### Configuration: ADF to Databricks using SAS Token  

- Created a container in **ADLS** for project data storage.  
- Configured **SAS Token** authentication to connect Databricks with ADLS.  
- Mounted the container in Databricks using SAS Token for secure access.  
- Verified the connection by listing files and checking read/write operations.  


In [0]:
spark.conf.set(
  "fs.azure.account.auth.type.stassignment.dfs.core.windows.net",
  "SAS"
)

spark.conf.set(
  "fs.azure.sas.token.provider.type.stassignment.dfs.core.windows.net",
  "org.apache.hadoop.fs.azurebfs.sas.FixedSASTokenProvider"
)

spark.conf.set(
  "fs.azure.sas.fixed.token.stassignment.dfs.core.windows.net",
  "sv=2024-11-04&ss=bfqt&srt=sco&sp=rwdlacupiytfx&se=2025-09-16T22:03:31Z&st=2025-08-27T13:48:31Z&spr=https&sig=jR%2FHBfVXjYTnv5aPFEkF5Pa9K4GxXewiK5NhxacxNHQ%3D"
)


In [0]:
# %run /Workspace/adf_assignment/src/bronze_to_silver/utils

### Gold Layer  

- Joined **Customer, Product, Store, Sales** tables from Silver.  
- Created fact & dimension style tables for analytics.  
- Applied aggregations (sales per customer, store, product, etc.).  
- Standardized date format (`yyyy-MM-dd`).  
- Written to: `gold/sales_view/{tablename}/{delta parquet}`  


In [0]:
from pyspark.sql.functions import col

silver_base_path = "abfss://silver@stassignment.dfs.core.windows.net/"
gold_output_path = "abfss://gold@stassignment.dfs.core.windows.net/StoreProductSalesAnalysis"

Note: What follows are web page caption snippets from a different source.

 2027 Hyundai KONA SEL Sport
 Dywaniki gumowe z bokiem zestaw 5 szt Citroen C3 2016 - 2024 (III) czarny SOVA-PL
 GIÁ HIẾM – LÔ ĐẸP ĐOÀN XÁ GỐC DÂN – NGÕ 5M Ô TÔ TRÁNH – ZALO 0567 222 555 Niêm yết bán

sales_df = read_delta_with_snake_case(spark, f"{silver_base_path}/customer_sales")
product_df = read_delta_with_snake_case(spark, f"{silver_base_path}/product")
store_df = read_delta_with_snake_case(spark, f"{silver_base_path}/store")

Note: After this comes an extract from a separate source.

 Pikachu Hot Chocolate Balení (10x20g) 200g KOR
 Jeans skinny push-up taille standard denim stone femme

sales_df = sales_df.withColumnRenamed("product__id", "product_id")

store_product_df = get_store_product_data(product_df, store_df)

result_df = enrich_sales_with_store_product(sales_df, store_product_df)

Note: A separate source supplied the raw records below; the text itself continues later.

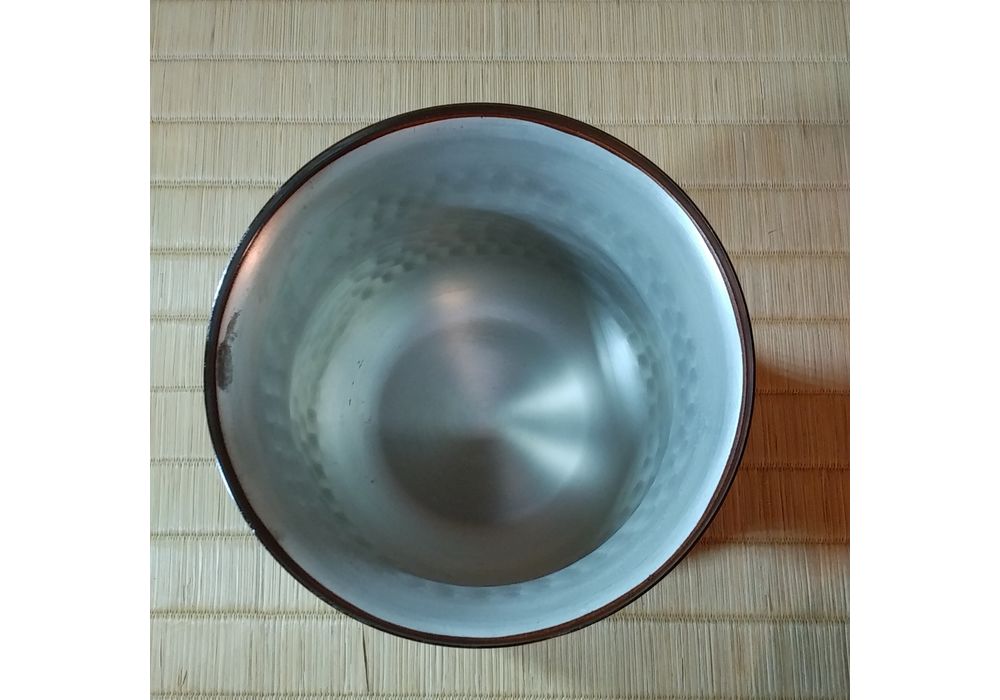 金森浄栄造　南蛮写　抱桶水指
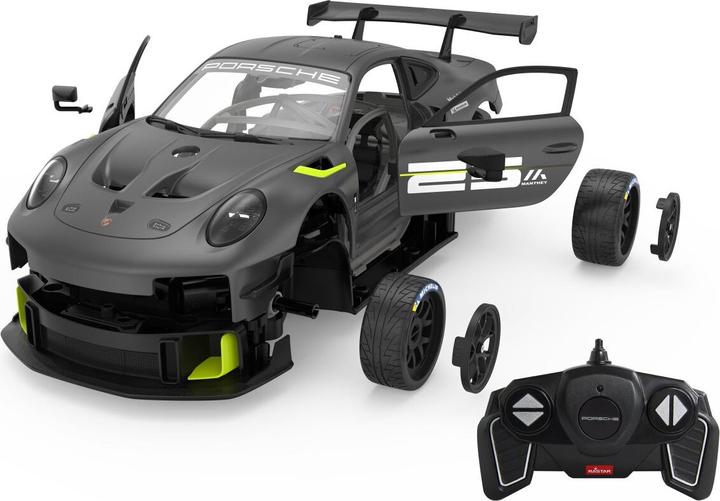 Produktbild Jamara Porsche 911 GT2 RS Clubsport 25 1:18 grau 2,4 GHz Bausatz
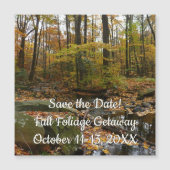 Herfst Creek met reflectie op Laurel Hill Park (Voorkant)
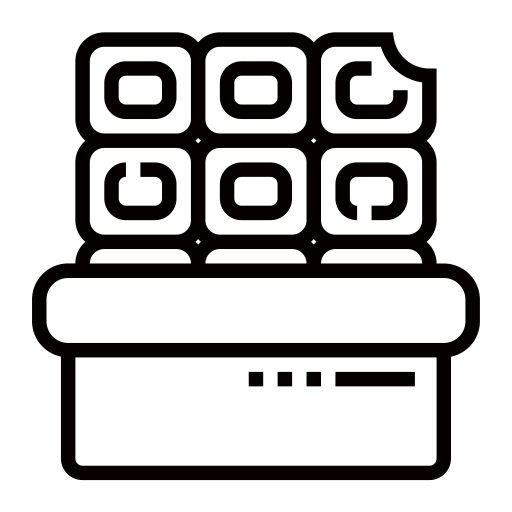 Chocolates svg vector icon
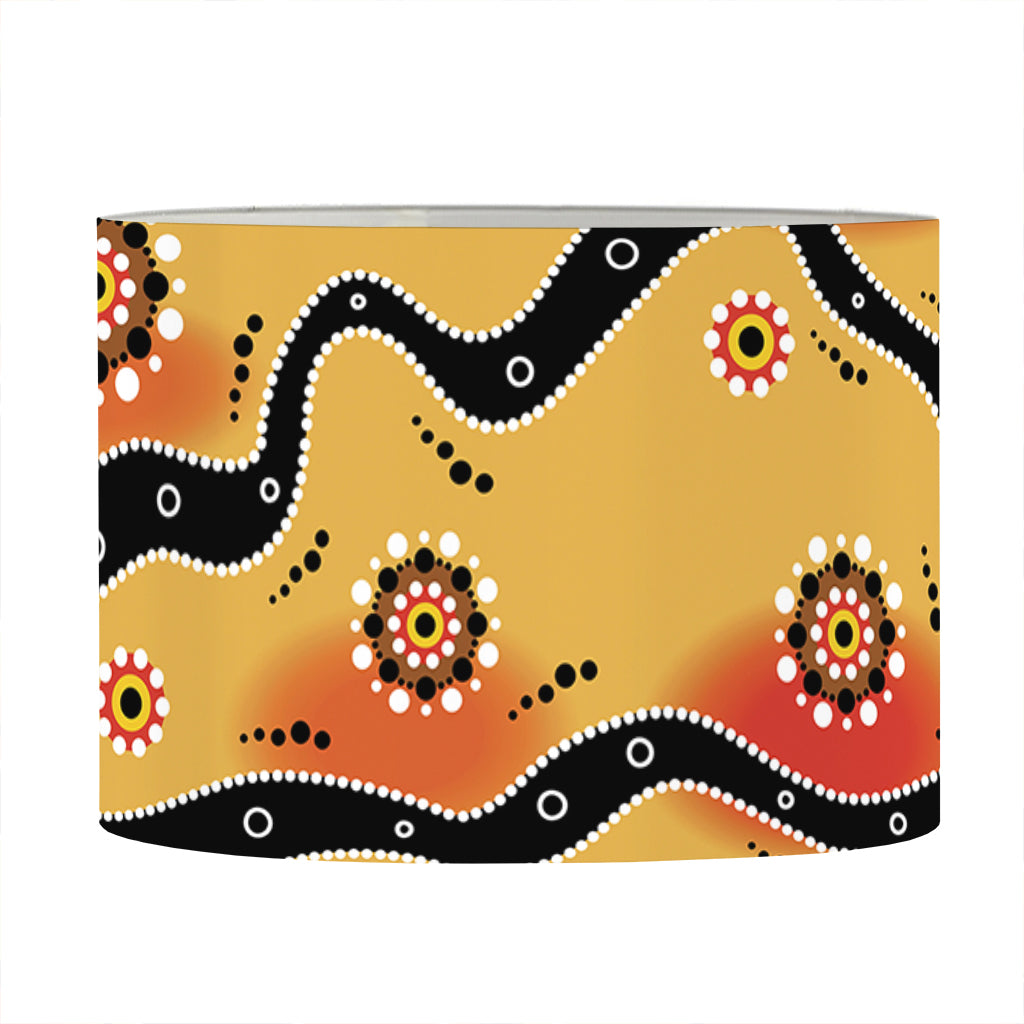 Australian Aboriginal Pattern Print Drum Lamp Shade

duplicate_cols = [col_name for col_name in result_df.columns if result_df.columns.count(col_name) > 1]
if duplicate_cols:
    print(f"Duplicate Columns Detected: {duplicate_cols}")

result_df = result_df.drop(*set(duplicate_cols[1:]))

selected_cols = [
    "order_date", "category", "city", "customer_id", "order_id", "product_id", "profit", "region", "sales", "segment",
    "ship_date", "ship_mode", "latitude", "longitude",
    "store_name", "location", "manager_name", "product_name", "price", "stock_quantity", "image_url"
]

selected_cols = [col for col in selected_cols if col in result_df.columns]

result_df = result_df.select(*selected_cols)
result_df.display()

result_df.write.format("delta").mode("overwrite").option("overwriteSchema", "true").save(gold_output_path)

spark.sql("DROP TABLE IF EXISTS StoreProductSalesAnalysis")
spark.sql(f"""
    CREATE TABLE StoreProductSalesAnalysis
    USING DELTA
    LOCATION '{gold_output_path}'
""")